BEGIN RECORDS

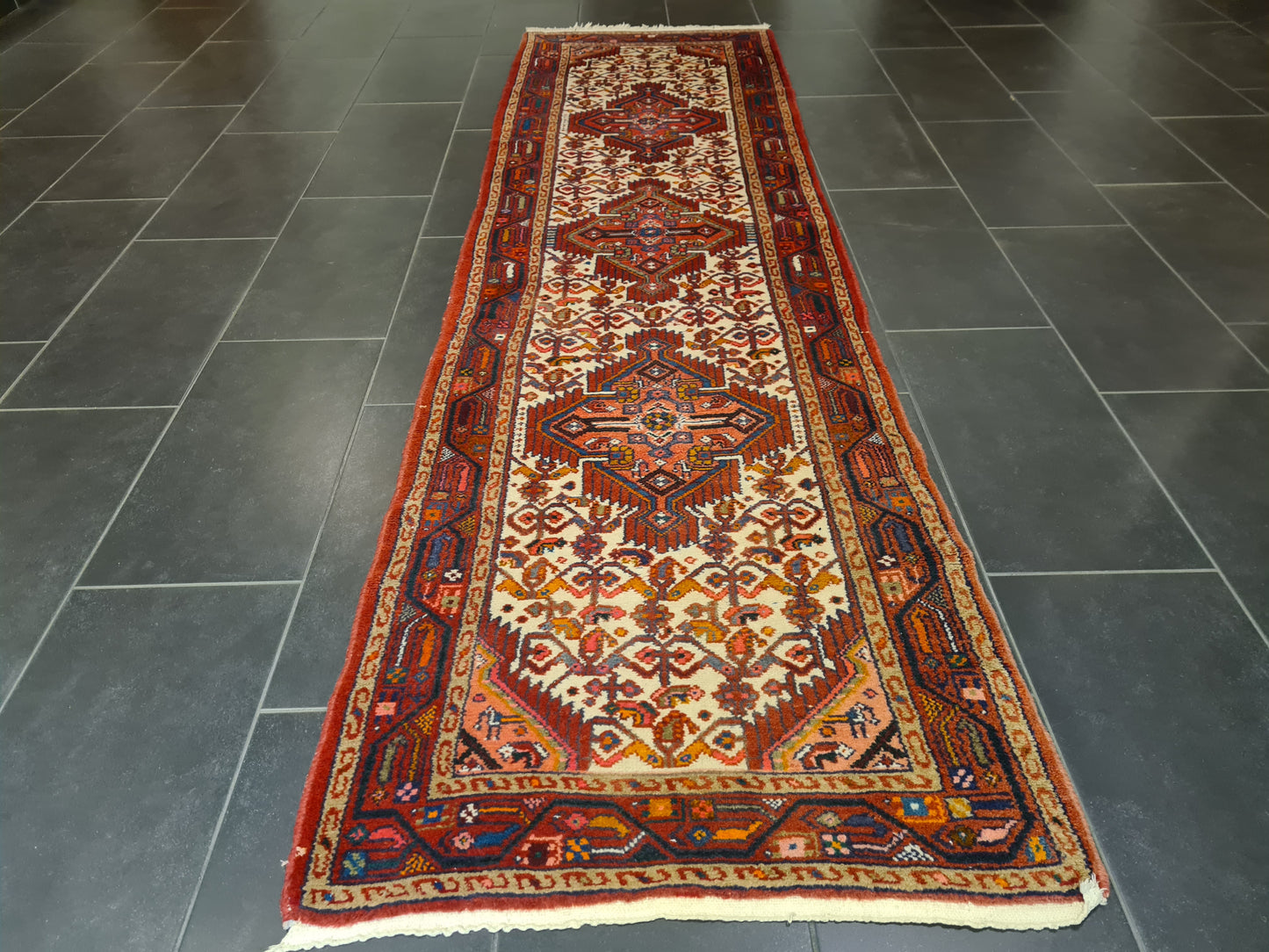 Perserteppich Orientteppich Handgeknüpfter Teppich Malaya 290x80cm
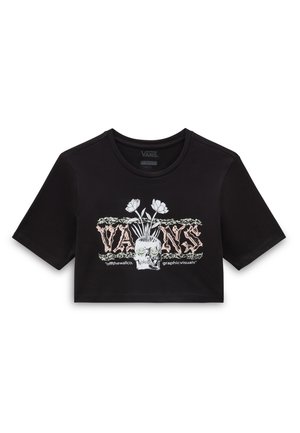 La camiseta negra corta presenta un diseño gráfico con un skull y flores, mangas cortas y cuello redondo. Está hecha de material de algodón suave.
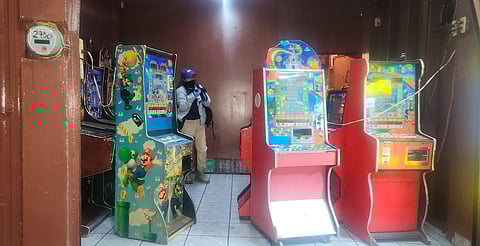 Aseguran 109 máquinas tragamonedas en Uruapan, Michoacán, tras operativo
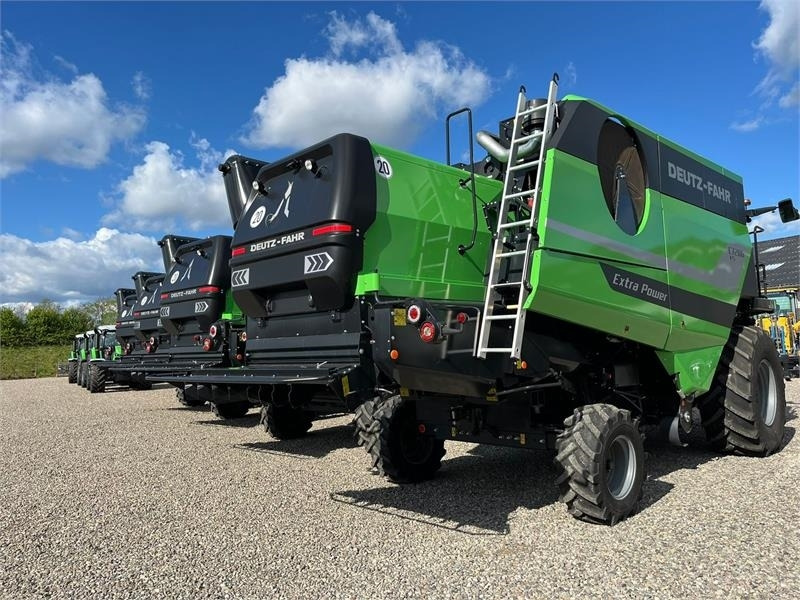 Deutz-fahr C7206 With 24feed - 7.2m header. New and unused Co - Combine harvester: picture 5 Deutz-fahr C7206 With 24feed - 7.2m header. New and unused Co - Combine harvester: picture 5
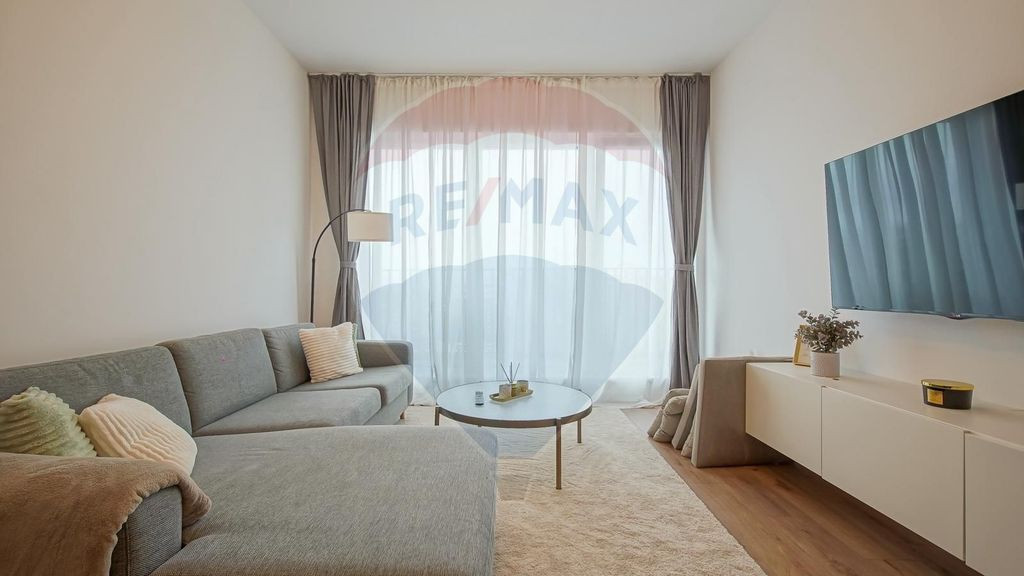 Apartament cu 3 camere de închiriat, Tractorul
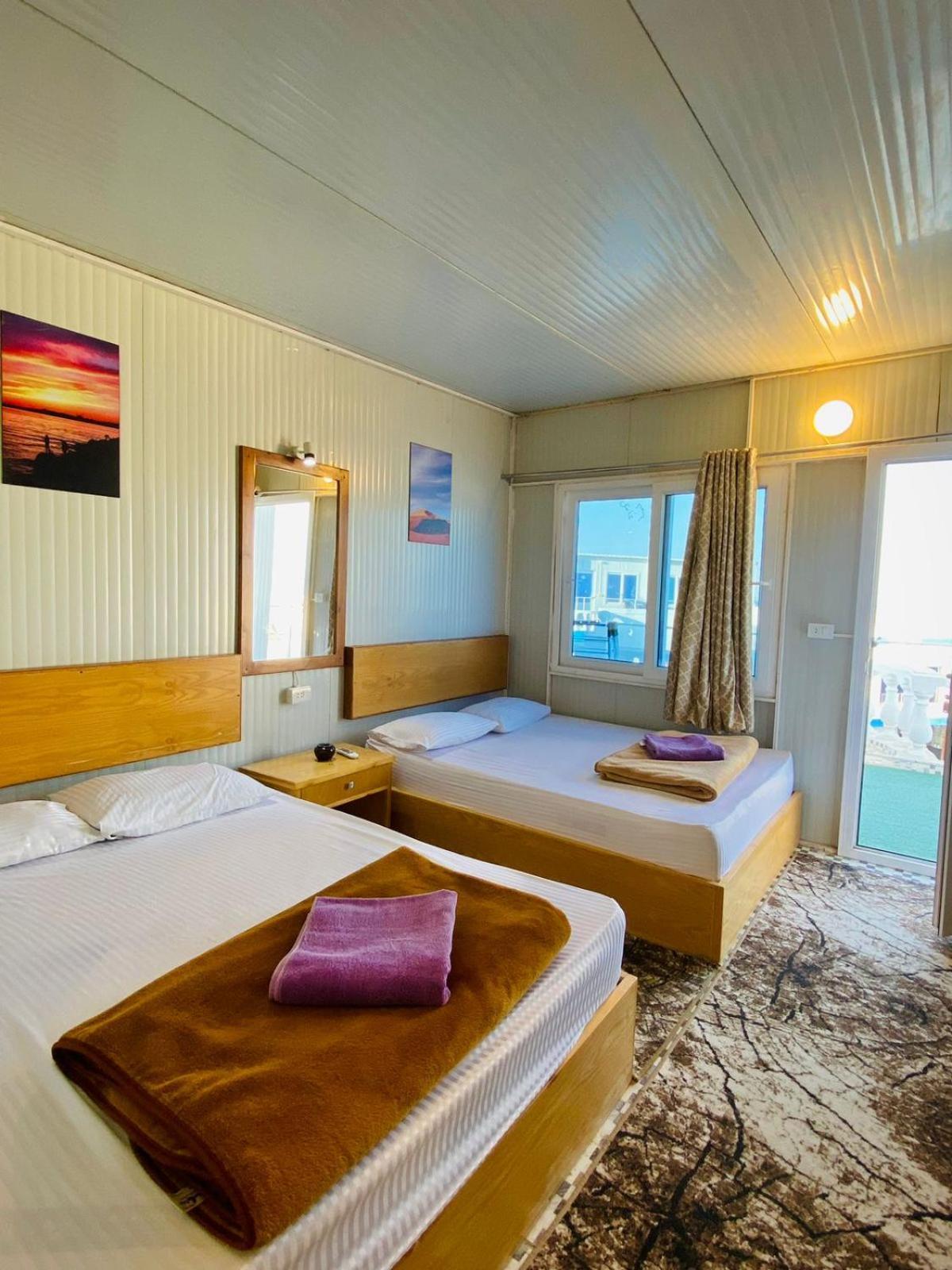 Seaview Hotel Dahab Bagian luar foto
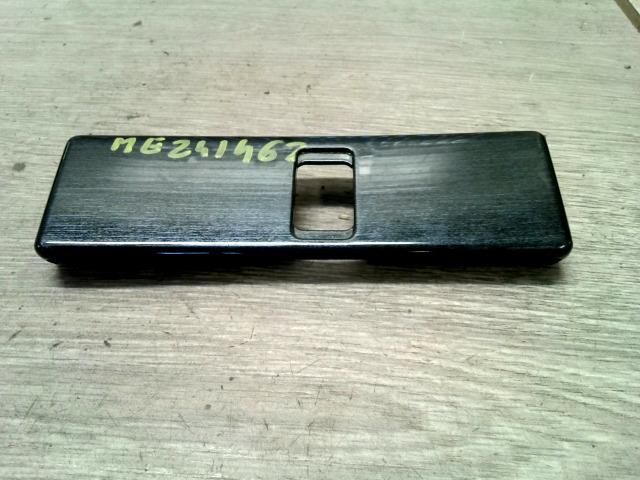 bontott BMW 5 E39 Bal Műszerfal Díszléc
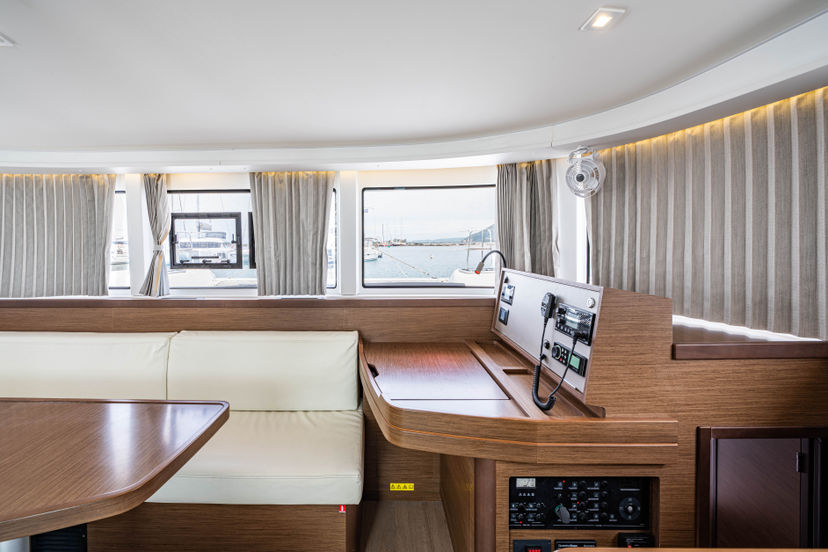 Lagoon 42 Nala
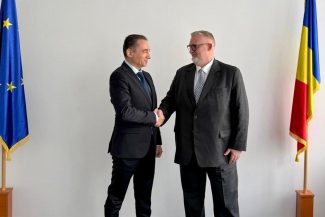 ALT text recomandat: Ambasadorul Azerbaidjanului în România, Gudsi Osmanov, și Adrian-Victor Vevera, Director General ICI București, în cadrul unei întâlniri oficiale la sediul institutului.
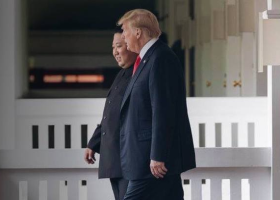 Trump dělá ústupky Kimovi. USA ukončí vojenská cvičení s Jižní Koreou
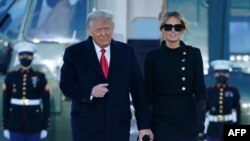 Кызматтан кетип жаткан президент Дональд Трамп жубайы Мелания менен. 2021-жылдын 20-январы. 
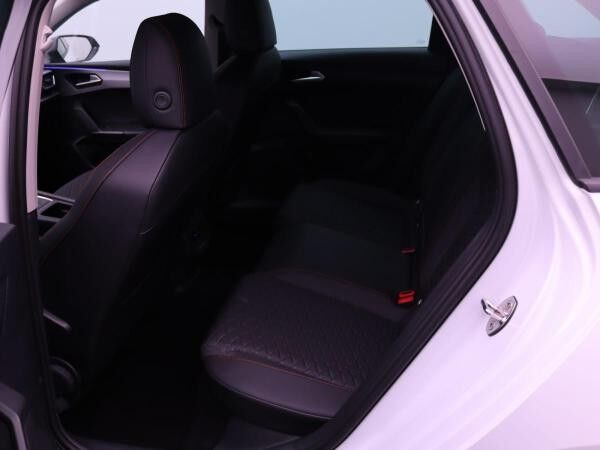 Seat Leon ST FR 1.5 eTSI DSG / Navi, App, Matrix, RFK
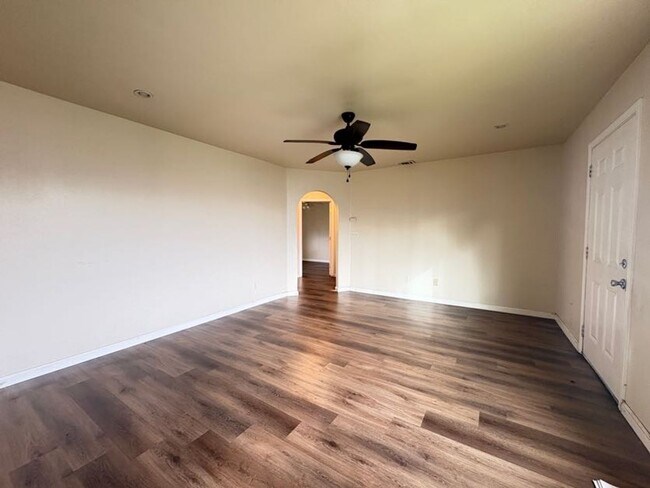 Building Photo - Recently Updated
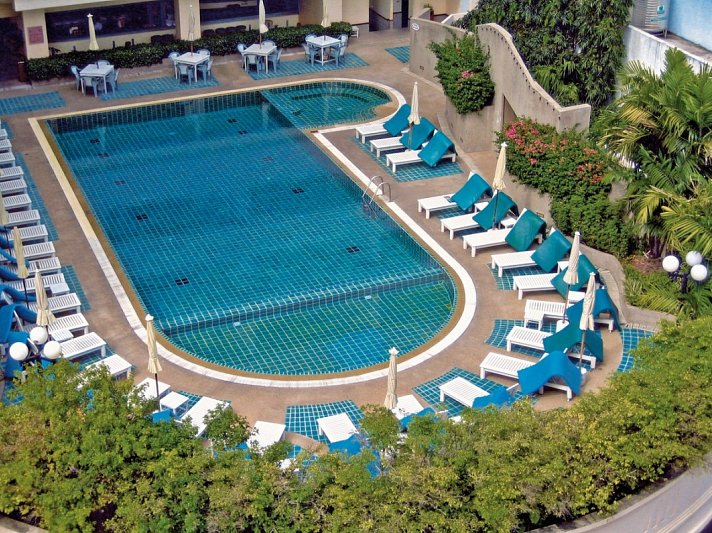 Long Beach Cha Am Resort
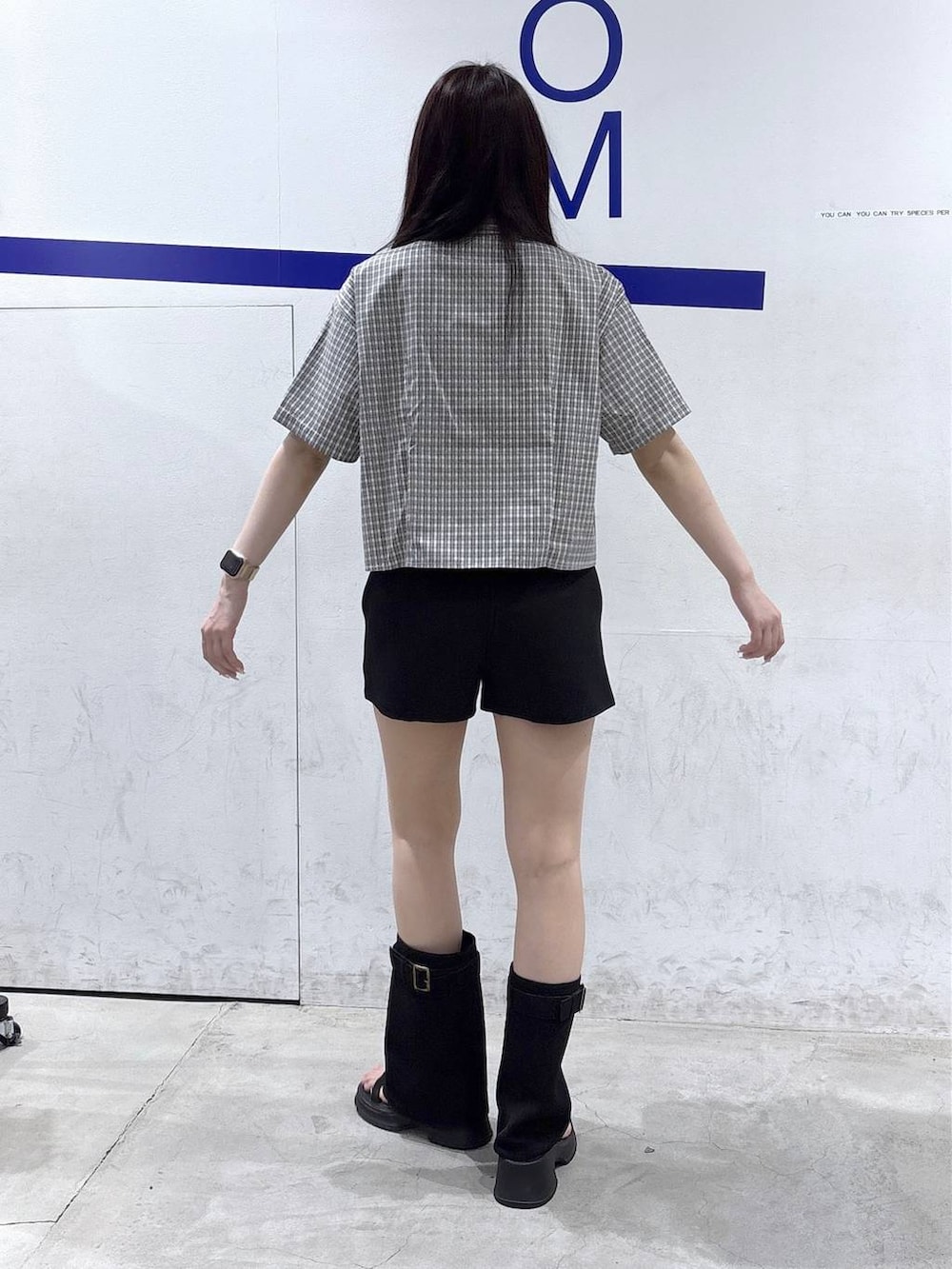 ブラック系のサンダル、ブラック系のその他パンツ、その他のシャツ/ブラウスを着用したレディースの春コーディネートの4枚目の写真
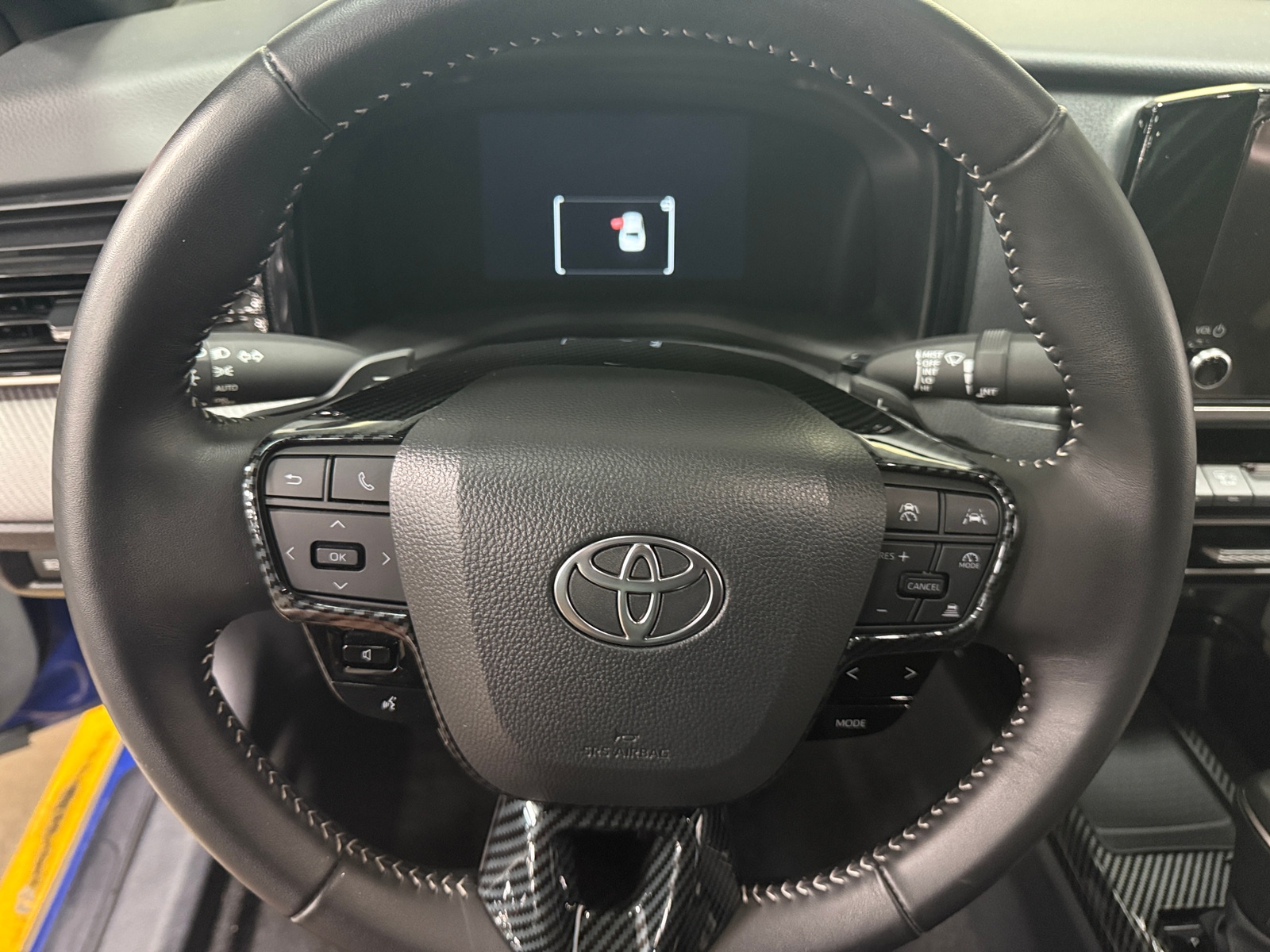 Thumbnail: 2025 Toyota Camry - 4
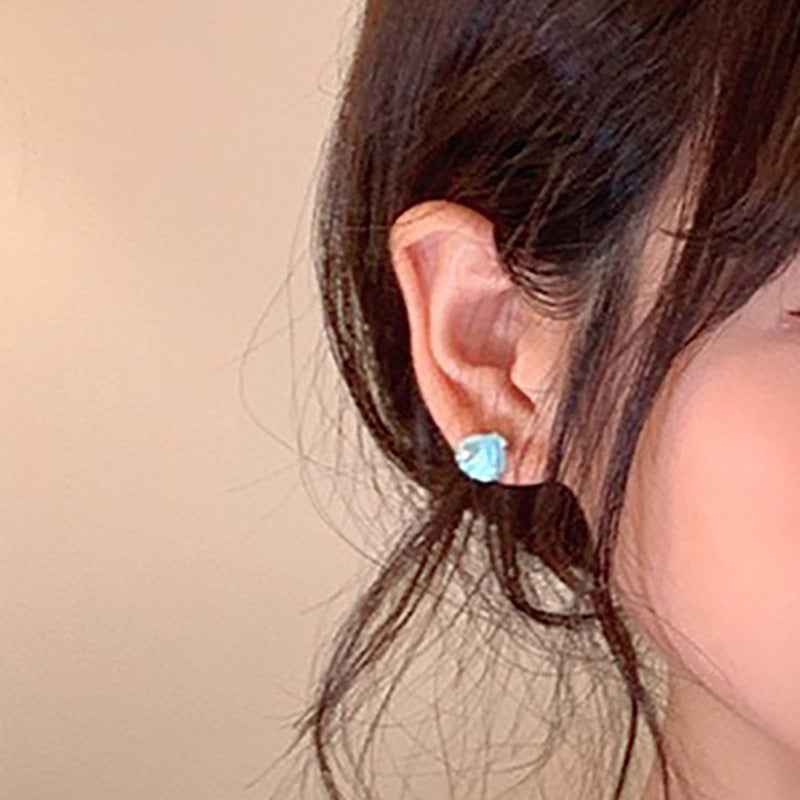 Orecchino classico dal fascino senza tempo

END RECORDS

- **TASK STATEMENT**:
In the records above, find the line that contains "ALT text recomandat: Ambasadorul", then write it out along with every line after it, exactly, through the last one. Leave the pictures out.

- **TASK RESULT**:
 ALT text recomandat: Ambasadorul Azerbaidjanului în România, Gudsi Osmanov, și Adrian-Victor Vevera, Director General ICI București, în cadrul unei întâlniri oficiale la sediul institutului.
 Trump dělá ústupky Kimovi. USA ukončí vojenská cvičení s Jižní Koreou
 Кызматтан кетип жаткан президент Дональд Трамп жубайы Мелания менен. 2021-жылдын 20-январы. 
 Seat Leon ST FR 1.5 eTSI DSG / Navi, App, Matrix, RFK
 Building Photo - Recently Updated
 Long Beach Cha Am Resort
 ブラック系のサンダル、ブラック系のその他パンツ、その他のシャツ/ブラウスを着用したレディースの春コーディネートの4枚目の写真
 Thumbnail: 2025 Toyota Camry - 4
 Orecchino classico dal fascino senza tempo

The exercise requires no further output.